W Polsce emeryci mogą korzystać z naprawdę wielu świadczeń, jednak istnieje spora szansa, że jedno z nich zostanie im odebrane. Z pewnością spora część seniorów dotkliwie by odczuła tę zmianę. Czy da się temu zapobiec? Czy rzeczywiście powinniśmy się martwić? I o jakie świadczenie właściwie chodzi? Jeśli chcecie poznać odpowiedzi na te pytania, zapraszamy do przeczytania tego artykułu!
Ważne świadczenie dla emerytów zagrożone?!

W ostatnim czasie w internecie zaczęły pojawiać się informacje o tym, że emeryci stracą jedno z najważniejszych świadczeń. W dzisiejszym artykule postaramy się odpowiedzieć wam na pytanie czy jest to prawda i czy seniorzy naprawdę mają powody, aby się obawiać. Wiele wskazuje na to, że jest coś jednak na rzeczy… O co dokładnie chodzi?
Oczywiście o czternastą emeryturę, która w bieżącym roku (oczywiście w pełnej kwocie) wynosi aż 1445,48 zł na rękę dla seniora! Są już nawet pogłoski o tym, kiedy dokładnie pieniądze miałyby pojawić się na kontach Polaków. O tym jednak porozmawiamy w dalszej części tego artykułu. Choć wypłata świadczenia wydaje się czymś pewnym to niestety pojawił się pewien problem, który dla wielu może okazać się kłopotliwy.

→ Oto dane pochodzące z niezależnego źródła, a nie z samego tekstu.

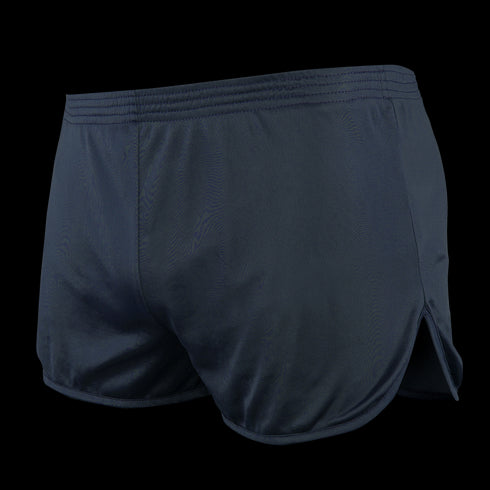 Condor Running Shorts in dark navy feature an elastic waistband, side slit, and athletic design, shown from the back.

Renciści oraz emeryci, których świadczenie przekracza próg 2900 zł otrzymają zmniejszoną 14. emeryturę. Odbędzie się to zgodnie z zasadą złotówka za złotówkę. Oznacza to, że przysługująca im “czternastka” zostanie pomniejszona o kwotę, o którą przekraczamy poziom 2900 zł. Co ciekawe, warto tutaj zaznaczyć, że jeszcze rok temu 13., jak i 14. emerytura były zwolnione z jakiegokolwiek podatku. Niestety w tym roku sprawa uległa zmianie skazując oba świadczenia na obciążenie podatkiem.
Czy w 2023 roku dostaniemy 14. emeryturę?

Faktyczne przyjęcie ustawy o wypłacie czternastki stoi pod wielkim znakiem zapytania. Wciąż jej nie uchwalono, a czasu jest coraz mniej, ponieważ parlament kończy pracę już w lipcu tego roku. Przed samym przyjęciem musi być najpierw zaakceptowany projekt ustawy. Oczywiście to dopiero początek drogi, gdyż następny etap czeka nas w Sejmu, a później do Senatu. Jeżeli wyższa izba parlamentu uzna, że trzeba wprowadzić do projektu poprawki, dokument wróci do Sejmu. Na koniec ustawa będzie czekać na podpis prezydenta. Ciężko powiedzieć czy tych parę miesięcy wystarczy rządowi do uporanie się ze wszystkimi sprawami.
Mamy jednak dla was dobre wieści! Wiemy, że na pewno rząd zdąży z wypłaceniem 14. emerytów na ten rok. Potwierdził to wiceminister rodziny i polityki społecznej, Stanisław Szwed podczas kongresu EKG. Razem z nim trzymamy kciuki, że projekt ustawy już niedługo trafi na obrady rządu!